A series of screens with restrictors to equalize flow through base pipe perforations downstream or upstream of each restrictor features a valve member in the openings so that the screens are closed to flow for run in. Pressure can be developed within the base pipe for operation of downhole equipment below the screens such as a mud motor or in the screen liner such as a packer with no need for an internal string or wash pipe. The openings can be opened selectively when the associated equipment connected to the base pipes has been operated. The valve member can be actuated to open in a variety of ways such as applied pressure, temperature or a change in well fluid condition.

Description

    FIELD OF THE INENTION
  • The field of this invention relates to isolation valves for screens that allow the screens to be selectively closed to operate other equipment.
  • BACKGROUND OF THE INVENTION
  • In some long horizontal completions steps are taken to reduce the tendency of produced fluids to run along the outside of screens until reaching a necking down of the annular space outside the screened interval before making an attempt to go through the screen, usually on the uphole or heel end of the screen interval. To counteract this effect, the screen sections are provided with a non-perforated base pipe under the screen section that forces the fluid along an annular path between the base pipe and the screen until a restriction section is reached. The restriction section can be a spiral path that provides a flow restriction to the filtered fluid. After going through the spiral restriction section, the filtered fluid reaches the openings to go though the base pipe. This product is offered by Baker Oil Tools under the product name Equalizer Screen. A series of screens with the same or differing restrictions are arranged in an interval to distribute the incoming flow among all the screen sections by counteracting the tendency of the fluid to otherwise follow the path of least resistance and flow in the annular space outside all the screen sections until reaching the heel of a horizontal run and trying to go through the most uphole screen first.
  • It is desirable for a variety of reasons to keep the inflow openings in such screens closed until the screens are to be put in service. For one thing, if the inflow openings are kept closed there is no flow through the screens until they are to be put into service. Additionally, with the base pipe closed it can be pressurized so that equipment mounted on the lower end such as a mud motor to drive a bit can be installed and operated to bring the screens into the desired generally horizontal open hole completion for production. Additionally, hydraulic-set packers in the screen liner can be set without resorting to a wash pipe or inner string to isolate the packer inlet from what would otherwise be an open area at the screens.
  • While a possible solution is to plug the inflow openings with a rupture disc, the problem with that is that there is no assurance all the rupture discs will break at the same time. If even one rupture disc breaks early, the others will not break at all as all the developed pressure within the base pipes will dissipate through the opened rupture disc. Early attempts to deal with this issue can be seen in U.S. Pat.
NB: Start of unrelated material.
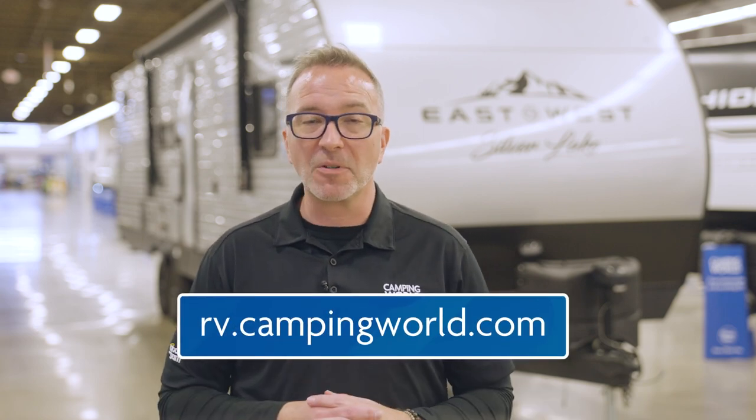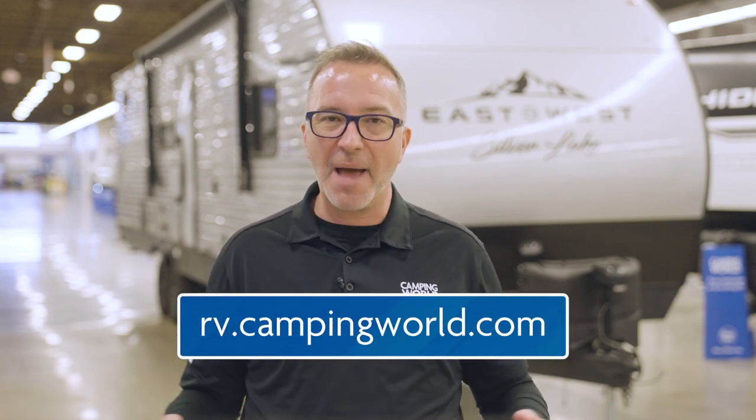When you're looking for a great conventional travel trailer for either you and your camp-loving significant other or for your family, you're going to be hard-pressed to find a better travel trailer than the East to West Silver Lake. To find the Silver Lake near you, check out rv.campingworld.com. And as always, happy camping!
No. 5,425,424 and the cited patents therein to Zandmer.
  • What is needed is a technique that keeps the inflow passage closed until the screens need to be put into service while ensuring that all the screens will go into service when needed because the openings will go to the open position when needed.
  • The present invention relates to a valve design for the inflow openings in the screen sections that make up the screened interval that keep the screens closed for run in to prevent flow through them while at the same time allowing pressure to build up within the base pipes so that tools can be operated. When the applied pressure is relieved the valves can open so that the screens can become operative. These and other features of the present invention will be more readily appreciated by those skilled in the art from a review of the description of the preferred embodiment and the associated drawings with the understand that the full scope of the invention is indicated in the claims.
  • SUMMARY OF THE INVENTION
  • A series of screens with restrictors to equalize flow through base pipe perforations downstream or upstream of each restrictor features a valve member in the openings so that the screens are closed to flow for run in. Pressure can be developed within the base pipe for operation of downhole equipment below the screens such as a mud motor or in the screen liner such as a packer with no need for an internal string or wash pipe. The openings can be opened selectively when the associated equipment connected to the base pipes has been operated. The valve member can be actuated to open in a variety of ways such as applied pressure, temperature or a change in well fluid condition.
  • BRIEF DESCRIPTION OF THE DRAWINGS
  • FIG. 1 is a section view of a horizontal run in a wellbore showing the screens that carry the valve of the present invention;
  • FIG. 2 shows a valve locked in the closed position for isolation of its respective the screen;
  • FIG. 3 is the view of FIG. 2 with pressure applied to release the lock while the valve remains closed until pressure is relieved;
  • FIG. 4 is an alternative embodiment to the valve of FIG. 2 shown in the locked closed position;
  • FIG. 5 is the valve of FIG. 4 unlocked but still held closed with applied pressure but in the position to spring open if pressure is removed;
  • FIG. 6 shows the valve of FIG. 5 with pressure removed and the valve fully open;
  • FIG. 7 is an alternative embodiment using a shear pin to allow cycles of pressure below a threshold from moving the valve member;
  • FIG. 8 is the embodiment of FIG. 7 armed to open if pressure is removed;
  • FIG. 9 is an alternative to the FIGS. 6-7 embodiment, in the run in position;
  • FIG. 10 is the view of FIG. 9 in the armed position;
  • FIG. 11 is the view of FIG. 10 in the valve open position;
  • FIG. 12 is a perspective view of a piston end of the FIG. 9 embodiment;
  • FIG. 13 is an alternative embodiment shown in section during run in;
  • FIG. 14 is the view of FIG. 13 in the armed position;
  • FIG. 15 is the view of FIG. 14 in the open position;
  • FIG. 16 is an alternative embodiment shown in section during run in;
  • FIG. 17 is the view of FIG. 16 in the armed position;
  • FIG. 18 is the view of FIG. 17 in the open position.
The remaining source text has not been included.